Provided entries →
********

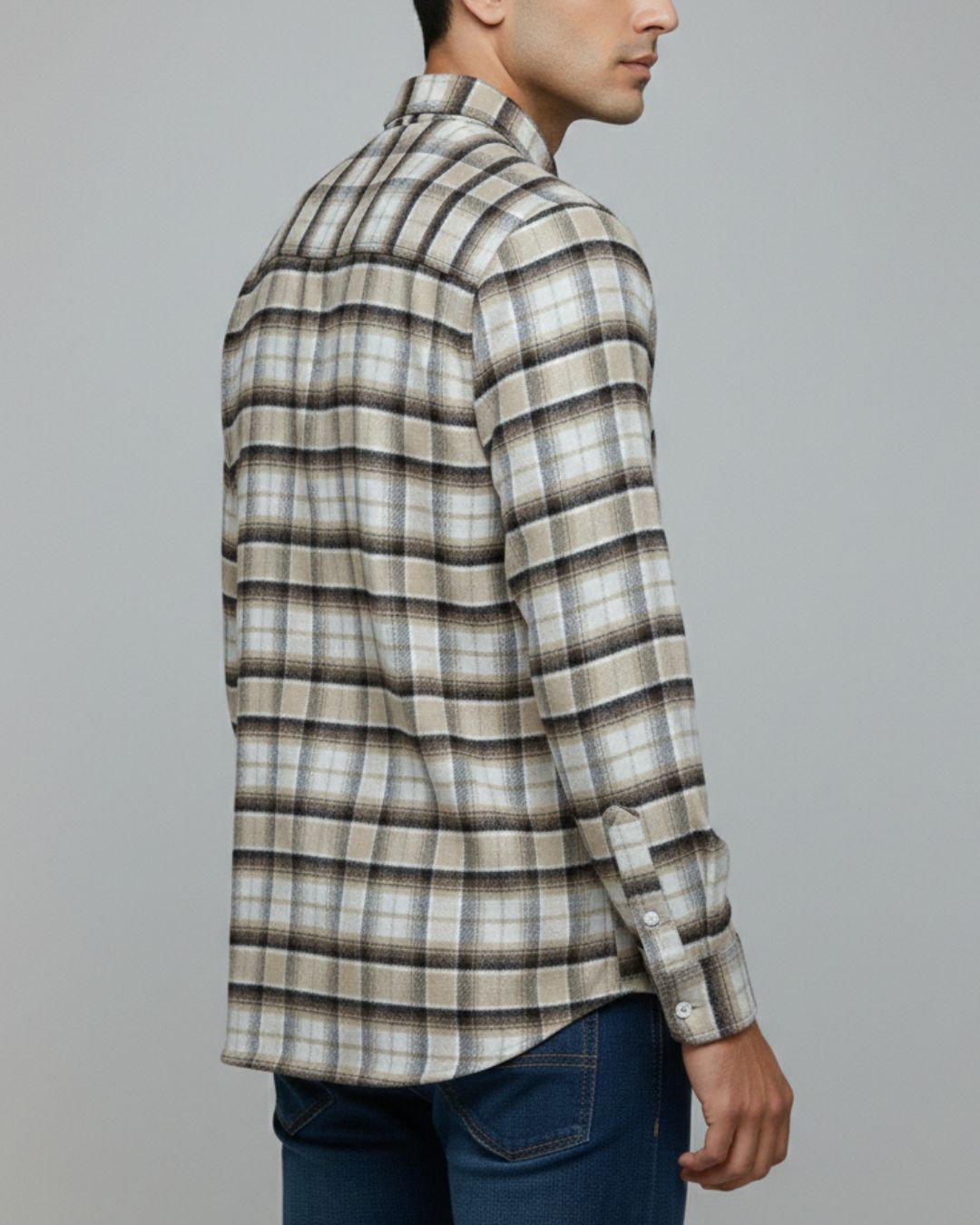 A man shown from the side/back wearing a long-sleeve plaid button-up shirt in beige, brown, and gray tones, paired with blue jeans, against a plain gray studio background.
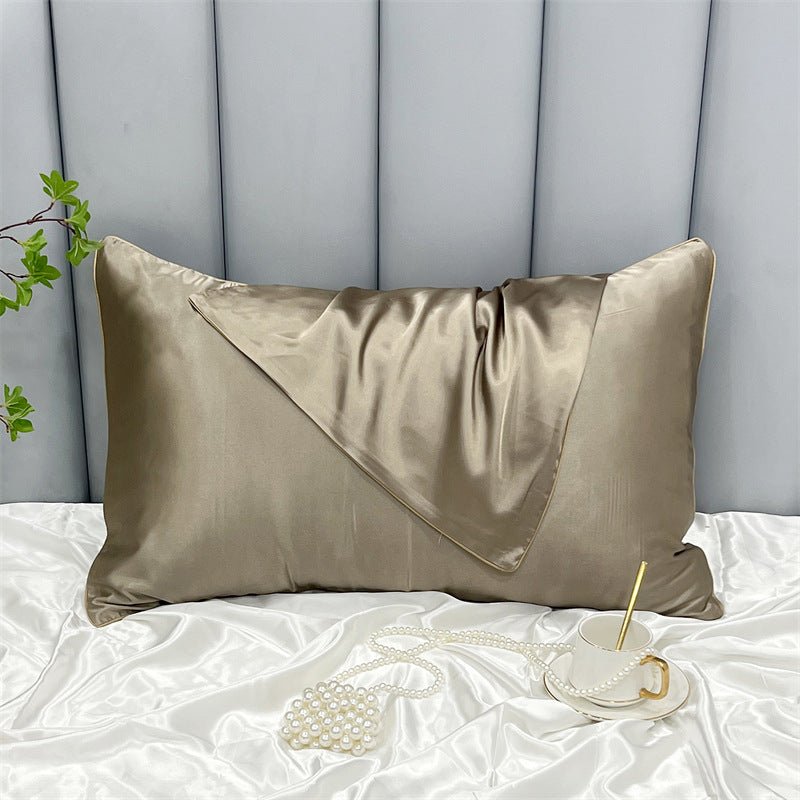 An Aloha Relax Cooling Beauty Sleep Pillowcase in golden silk graces a bed with a white satin sheet. Nearby are a pearl necklace, gold-spooned cup, and green leaves. A light gray padded headboard adds understated charm to the elegant ambiance.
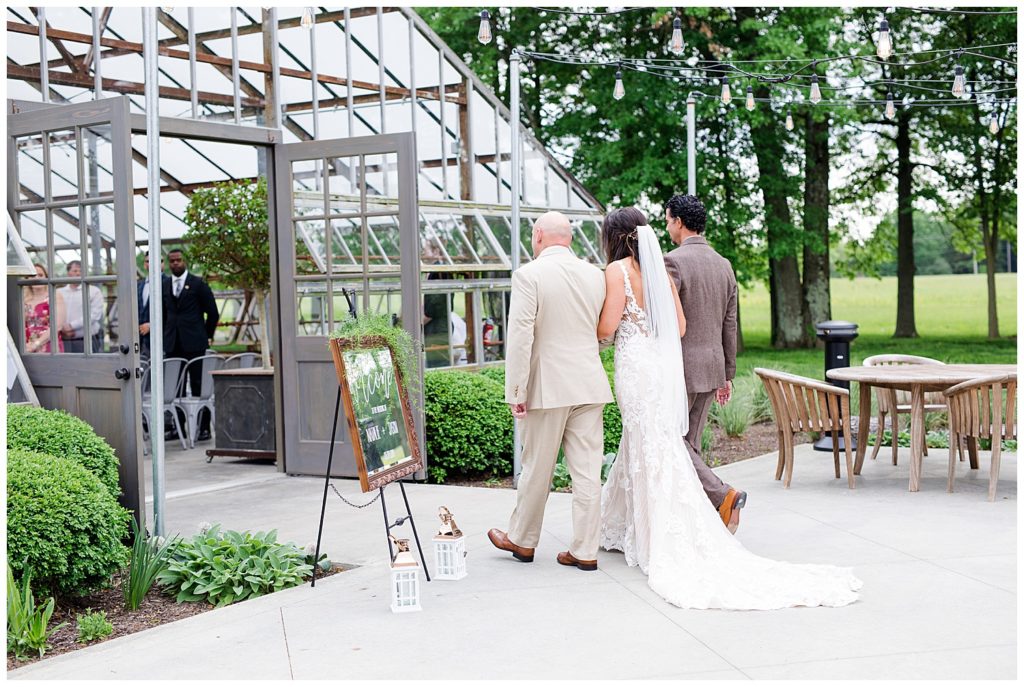 An image of the bride and her father and family member walking the bride into the wedding ceremony hall with her train behind her at the Oak Grove wedding venue by Columbus Ohio wedding photographer, Alayna Parker Photography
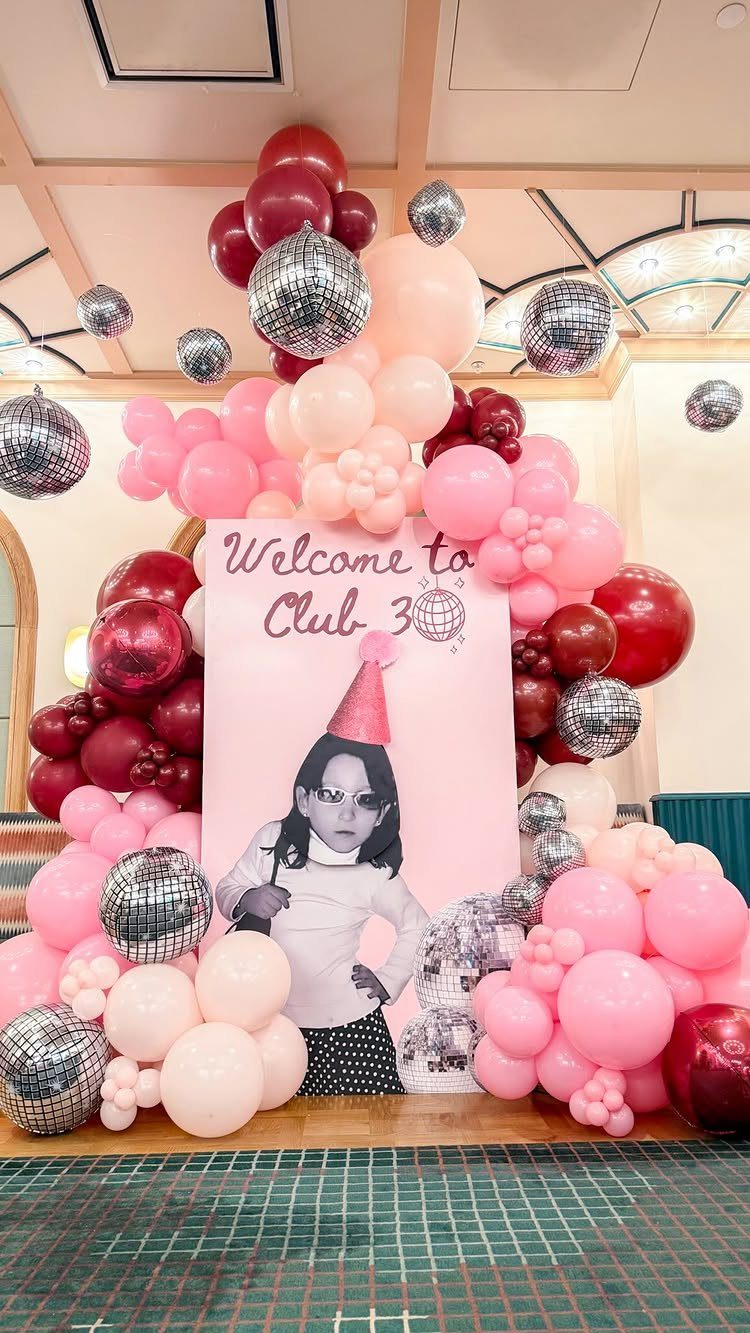 Pink and red balloon arch with disco balls and a Club 30 sign.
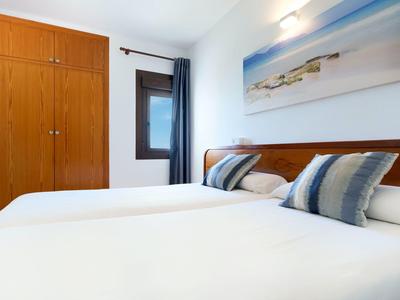 Helles Schlafzimmer mit zwei Einzelbetten, Holzmöbeln, Fenster und maritimem Wandbild.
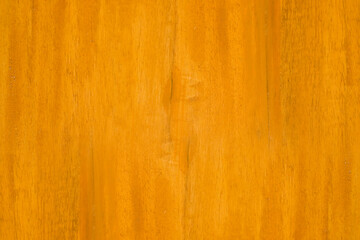 Minimalist orange color wooden board close up view for texture background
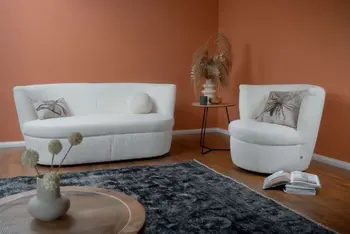 Modernes weißes rundes Sofa neben einem modernen weißen runden Sessel mit Boucle Bezug.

********

What is needed →
Set down the data above exactly as written. Omit the pictures.

Completed exercise →
 A man shown from the side/back wearing a long-sleeve plaid button-up shirt in beige, brown, and gray tones, paired with blue jeans, against a plain gray studio background.
 An Aloha Relax Cooling Beauty Sleep Pillowcase in golden silk graces a bed with a white satin sheet. Nearby are a pearl necklace, gold-spooned cup, and green leaves. A light gray padded headboard adds understated charm to the elegant ambiance.
 An image of the bride and her father and family member walking the bride into the wedding ceremony hall with her train behind her at the Oak Grove wedding venue by Columbus Ohio wedding photographer, Alayna Parker Photography
 Pink and red balloon arch with disco balls and a Club 30 sign.
 Helles Schlafzimmer mit zwei Einzelbetten, Holzmöbeln, Fenster und maritimem Wandbild.
 Minimalist orange color wooden board close up view for texture background
 Modernes weißes rundes Sofa neben einem modernen weißen runden Sessel mit Boucle Bezug.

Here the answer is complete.